[TASK INPUTS]
_ _ _

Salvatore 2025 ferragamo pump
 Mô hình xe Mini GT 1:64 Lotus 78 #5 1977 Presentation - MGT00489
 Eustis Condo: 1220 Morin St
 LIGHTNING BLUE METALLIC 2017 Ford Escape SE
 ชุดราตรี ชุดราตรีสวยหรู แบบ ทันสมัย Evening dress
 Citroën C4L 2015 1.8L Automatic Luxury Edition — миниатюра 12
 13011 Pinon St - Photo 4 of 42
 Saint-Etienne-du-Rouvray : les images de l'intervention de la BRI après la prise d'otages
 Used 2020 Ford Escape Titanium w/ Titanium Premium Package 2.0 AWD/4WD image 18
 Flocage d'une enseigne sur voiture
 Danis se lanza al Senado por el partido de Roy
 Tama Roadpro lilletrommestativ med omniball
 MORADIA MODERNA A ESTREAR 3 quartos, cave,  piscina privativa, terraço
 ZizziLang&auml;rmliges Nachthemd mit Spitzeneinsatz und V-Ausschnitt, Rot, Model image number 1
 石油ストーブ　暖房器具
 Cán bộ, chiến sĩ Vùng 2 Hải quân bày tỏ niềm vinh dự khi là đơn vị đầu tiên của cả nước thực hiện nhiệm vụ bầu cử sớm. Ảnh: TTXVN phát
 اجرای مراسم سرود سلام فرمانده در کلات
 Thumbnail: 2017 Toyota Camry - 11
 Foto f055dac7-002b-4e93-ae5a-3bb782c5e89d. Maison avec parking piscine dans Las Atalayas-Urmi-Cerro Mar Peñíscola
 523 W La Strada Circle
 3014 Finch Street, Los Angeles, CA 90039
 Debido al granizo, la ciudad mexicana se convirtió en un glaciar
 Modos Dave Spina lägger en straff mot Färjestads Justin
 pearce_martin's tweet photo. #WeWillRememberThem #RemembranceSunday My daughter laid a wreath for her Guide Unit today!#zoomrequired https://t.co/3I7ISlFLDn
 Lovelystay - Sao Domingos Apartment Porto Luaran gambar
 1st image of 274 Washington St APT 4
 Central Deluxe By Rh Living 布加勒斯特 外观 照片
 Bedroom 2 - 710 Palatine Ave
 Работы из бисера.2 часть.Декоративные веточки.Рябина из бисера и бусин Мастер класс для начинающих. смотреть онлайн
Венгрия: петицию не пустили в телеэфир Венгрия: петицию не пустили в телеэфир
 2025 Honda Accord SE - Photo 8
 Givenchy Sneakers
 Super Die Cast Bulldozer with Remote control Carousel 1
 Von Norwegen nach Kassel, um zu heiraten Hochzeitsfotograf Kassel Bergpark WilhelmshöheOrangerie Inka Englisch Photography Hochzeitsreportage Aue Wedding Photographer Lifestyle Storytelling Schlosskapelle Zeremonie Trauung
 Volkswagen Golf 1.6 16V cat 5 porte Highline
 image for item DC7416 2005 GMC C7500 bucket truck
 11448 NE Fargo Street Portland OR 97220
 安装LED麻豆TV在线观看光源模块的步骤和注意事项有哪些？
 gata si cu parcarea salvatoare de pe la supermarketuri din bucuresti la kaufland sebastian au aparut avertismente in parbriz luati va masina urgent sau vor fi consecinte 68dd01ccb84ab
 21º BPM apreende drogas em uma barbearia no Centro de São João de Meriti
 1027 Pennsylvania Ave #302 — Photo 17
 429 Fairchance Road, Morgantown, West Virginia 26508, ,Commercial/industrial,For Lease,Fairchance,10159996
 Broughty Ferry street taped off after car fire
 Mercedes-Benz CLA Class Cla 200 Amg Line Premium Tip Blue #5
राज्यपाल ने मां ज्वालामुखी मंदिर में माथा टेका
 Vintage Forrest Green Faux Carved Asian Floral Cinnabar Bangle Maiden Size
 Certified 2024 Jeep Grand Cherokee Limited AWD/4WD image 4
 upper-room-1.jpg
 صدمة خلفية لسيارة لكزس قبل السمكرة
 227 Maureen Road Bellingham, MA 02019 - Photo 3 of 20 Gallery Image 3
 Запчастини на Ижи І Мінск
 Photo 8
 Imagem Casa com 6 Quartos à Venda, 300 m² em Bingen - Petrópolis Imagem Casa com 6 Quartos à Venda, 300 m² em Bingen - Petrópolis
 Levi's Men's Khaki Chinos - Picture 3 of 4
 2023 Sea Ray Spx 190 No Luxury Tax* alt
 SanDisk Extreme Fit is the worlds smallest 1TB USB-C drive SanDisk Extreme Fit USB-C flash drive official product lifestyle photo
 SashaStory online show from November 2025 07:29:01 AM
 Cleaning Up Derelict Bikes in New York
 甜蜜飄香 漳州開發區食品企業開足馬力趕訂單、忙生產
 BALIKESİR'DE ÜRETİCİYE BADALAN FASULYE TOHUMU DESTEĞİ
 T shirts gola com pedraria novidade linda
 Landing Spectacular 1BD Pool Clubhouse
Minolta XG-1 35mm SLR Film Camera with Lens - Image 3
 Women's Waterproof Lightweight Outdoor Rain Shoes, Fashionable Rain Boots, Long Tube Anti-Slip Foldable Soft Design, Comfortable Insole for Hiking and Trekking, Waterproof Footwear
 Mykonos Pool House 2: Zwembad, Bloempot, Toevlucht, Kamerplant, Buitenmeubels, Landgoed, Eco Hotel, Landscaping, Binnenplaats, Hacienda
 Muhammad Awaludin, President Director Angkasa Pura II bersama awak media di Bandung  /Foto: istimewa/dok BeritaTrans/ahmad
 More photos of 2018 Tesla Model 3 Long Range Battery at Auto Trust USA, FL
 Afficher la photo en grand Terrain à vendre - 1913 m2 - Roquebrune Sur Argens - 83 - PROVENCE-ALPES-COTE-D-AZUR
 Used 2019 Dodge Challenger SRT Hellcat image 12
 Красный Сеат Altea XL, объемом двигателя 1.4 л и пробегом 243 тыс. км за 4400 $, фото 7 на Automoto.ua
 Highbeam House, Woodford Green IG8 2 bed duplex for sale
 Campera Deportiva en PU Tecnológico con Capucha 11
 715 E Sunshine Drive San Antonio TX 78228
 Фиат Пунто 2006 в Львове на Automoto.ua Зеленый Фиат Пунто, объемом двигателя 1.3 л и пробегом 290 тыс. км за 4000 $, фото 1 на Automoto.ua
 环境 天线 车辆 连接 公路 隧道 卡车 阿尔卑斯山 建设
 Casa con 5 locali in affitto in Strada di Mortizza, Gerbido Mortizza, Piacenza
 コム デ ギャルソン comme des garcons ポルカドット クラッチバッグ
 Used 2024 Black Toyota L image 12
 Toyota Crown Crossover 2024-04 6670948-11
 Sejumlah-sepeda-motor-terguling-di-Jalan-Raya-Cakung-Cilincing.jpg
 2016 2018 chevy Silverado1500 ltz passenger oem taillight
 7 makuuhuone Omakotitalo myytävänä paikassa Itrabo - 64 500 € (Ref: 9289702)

_ _ _

[WORK TASK]
Among the records above, a stretch begins at the line containing "1st image of 274 Washington St APT 4" and ends at the line containing "Givenchy Sneakers". Restate that stretch word for word, and nothing else.

[RESULT OF THE TASK]
 1st image of 274 Washington St APT 4
 Central Deluxe By Rh Living 布加勒斯特 外观 照片
 Bedroom 2 - 710 Palatine Ave
 Работы из бисера.2 часть.Декоративные веточки.Рябина из бисера и бусин Мастер класс для начинающих. смотреть онлайн
Венгрия: петицию не пустили в телеэфир Венгрия: петицию не пустили в телеэфир
 2025 Honda Accord SE - Photo 8
 Givenchy Sneakers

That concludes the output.